EXERCISE DESCRIPTION: Render every line of the data exactly as written, and leave out the pictures.

Stored entries
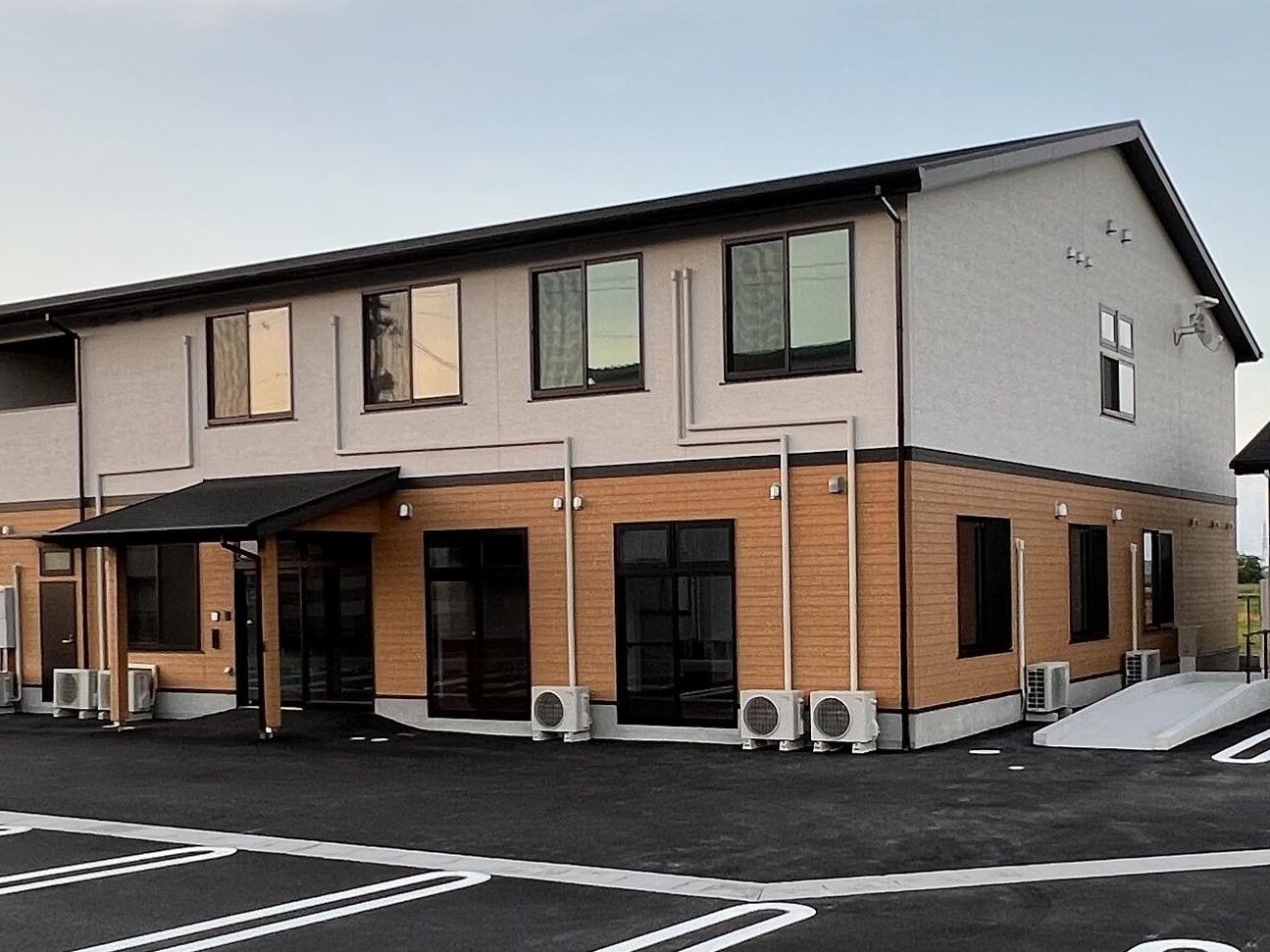 2階建ての建物の玄関部分には屋根があり、窓もたくさんついている。フロアにより外壁の色が異なる。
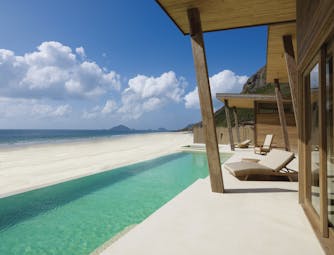 Six Senses Vietnam ocean front villa exterior infinity pool terrace sun lounger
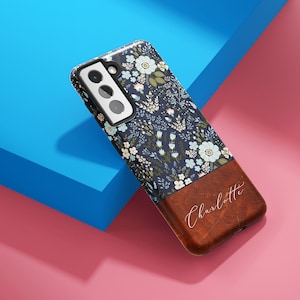 May include: A blue and white floral phone case with a brown leather bottom. The leather bottom has the name "Charlotte" written in white script.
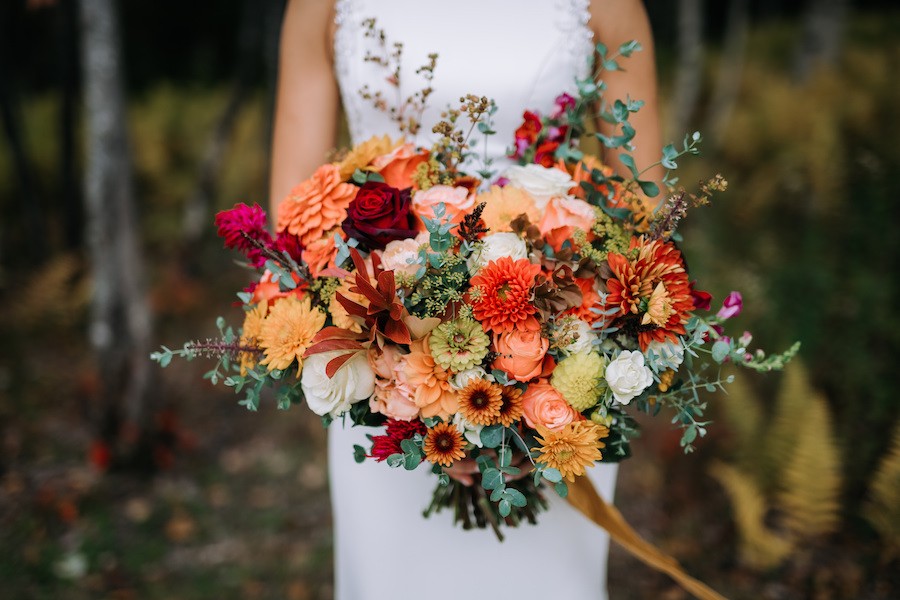 Fall Wedding Inspiration - bride holding a rich colored flower bouquet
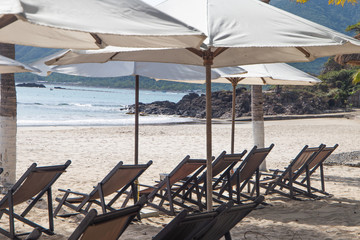 Under Umbrella On Beach On Summer Holidays Vacations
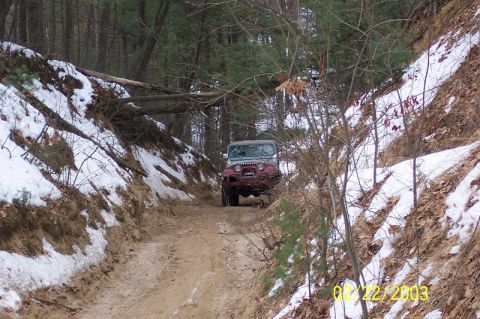 1978 Ford Bronco - A Jeep Wrangler navigates a narrow, wooded trail with snow on the banks.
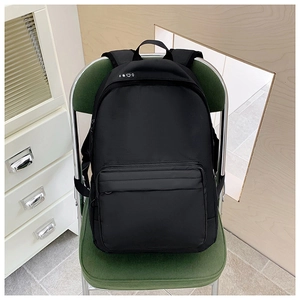 Detail of minimalist black canvas backpack with weather icons on green chair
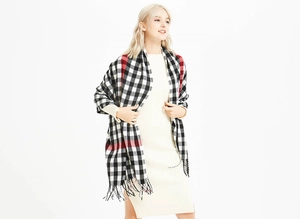 Close-up of classic red and black plaid scarf texture with soft fringe details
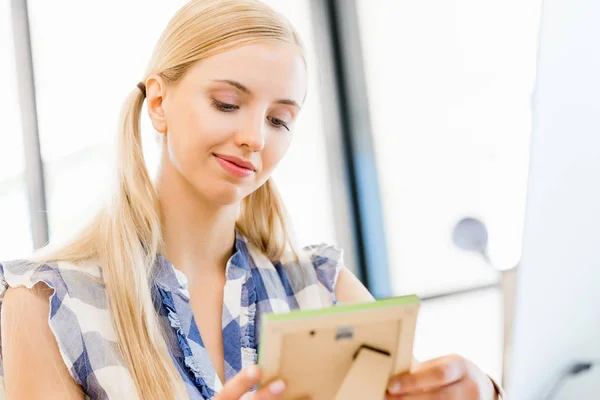 Young woman in office holdinga photo frame — Stock Photo, Image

RESPONSE TO THE EXERCISE:
 2階建ての建物の玄関部分には屋根があり、窓もたくさんついている。フロアにより外壁の色が異なる。
 Six Senses Vietnam ocean front villa exterior infinity pool terrace sun lounger
 May include: A blue and white floral phone case with a brown leather bottom. The leather bottom has the name "Charlotte" written in white script.
 Fall Wedding Inspiration - bride holding a rich colored flower bouquet
 Under Umbrella On Beach On Summer Holidays Vacations
 1978 Ford Bronco - A Jeep Wrangler navigates a narrow, wooded trail with snow on the banks.
 Detail of minimalist black canvas backpack with weather icons on green chair
 Close-up of classic red and black plaid scarf texture with soft fringe details
 Young woman in office holdinga photo frame — Stock Photo, Image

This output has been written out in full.